I have up and down cycles: as mentioned, I’ve gone soft and doughy again, and I’m irritated about that, because exercise makes me feel a whole lot better in my skin. I make it a point not to eat shit food during the week, but if they’ve got bagels at work, I might have some. If we’re celebrating and ordering Thai food, I’m totally in. When B’s over, we have pancakes with enough lite syrup to drown a small navy.
Food’s not the enemy, it’s just that there are certain times for certain things, and hating myself by gorging is a terrible form of punishing my body because it’s not “right” or “perfect.” Like everything else in my life, it is what it is.
What I’ve realized is that my body goes through cycles, and it also has a pretty “high” set point and comfort zone, and I need to respect that, and respecting that also means respecting myself enough to give myself the right sort of fuel to get through the day, and through workouts.
I’m not here to get down to a place where I can fit into clothes from Abercrombie & Fitch, though that would be nice…

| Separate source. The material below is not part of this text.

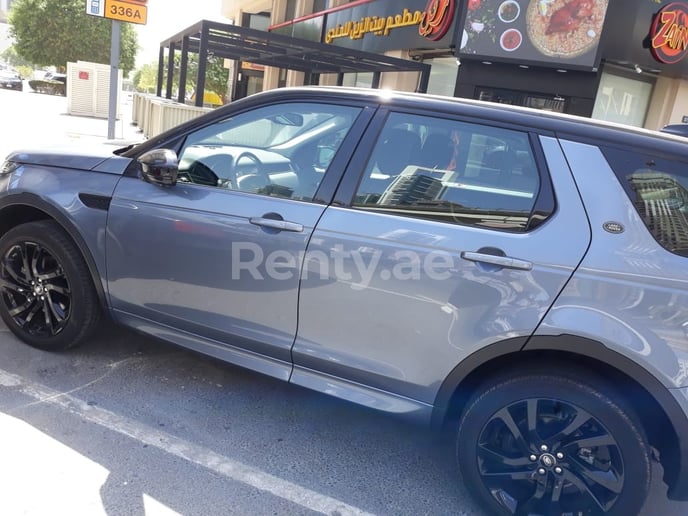 Range Rover Discovery (Blue), 2019 for rent in Dubai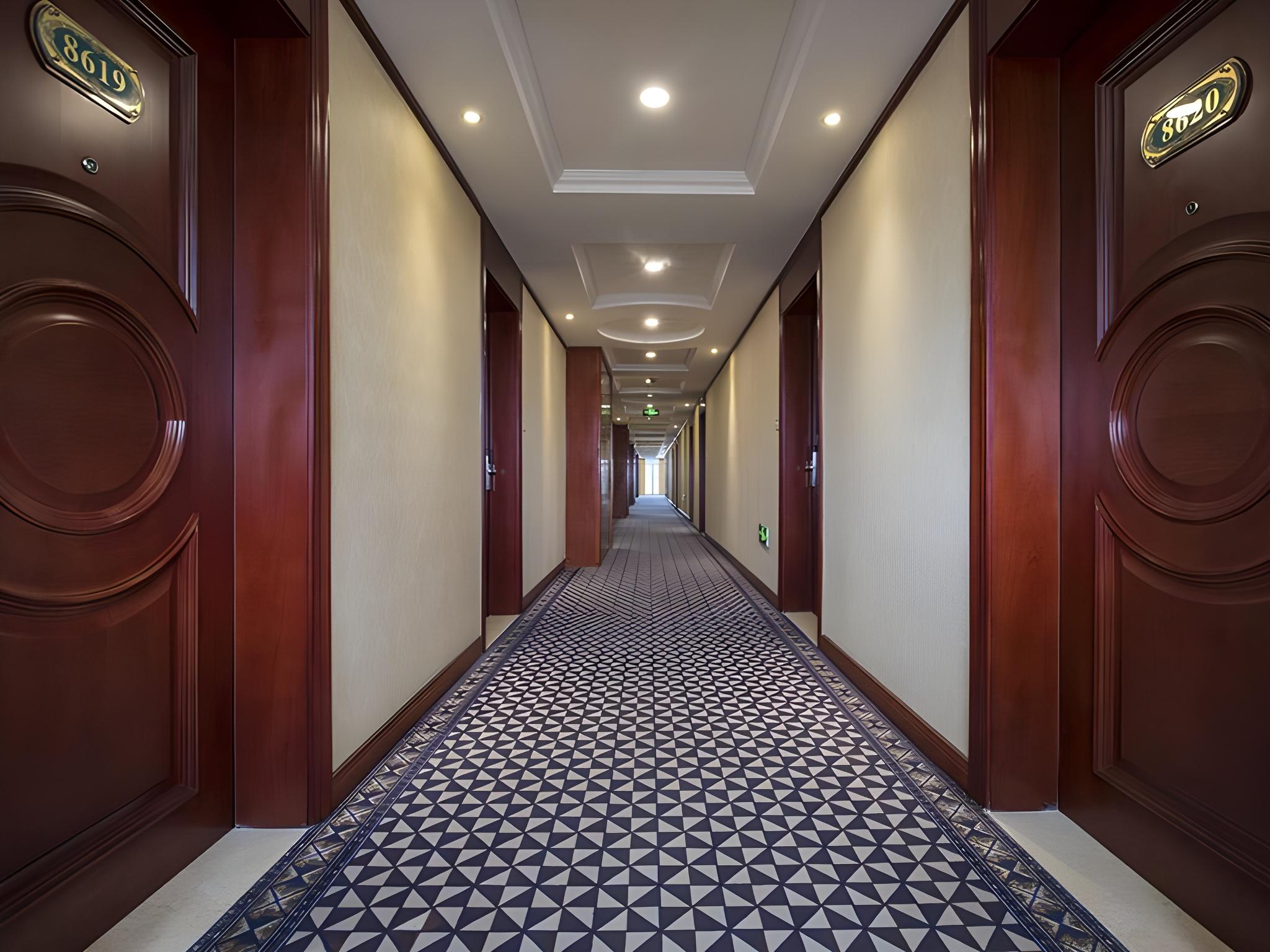Vienna Hotel (Shenzhen Shuanglong Metro Station Longdong) 31/41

I’m just getting to the point where I realize it’s not my body that’s all wrong – it’s Abercrombie & Fitch.
And if the A&F wearers are going to roll their eyes at me cause they’re so hungry and I’m not, I’d far prefer to be in a crowd of equally non-hungry people who are out to have an actual good time instead of sitting around punishing themselves for not being a size 00.
I have more important things to do than play the who-can-eat-less-and-still-function-game.
It’s cool to be around people who feel the same way.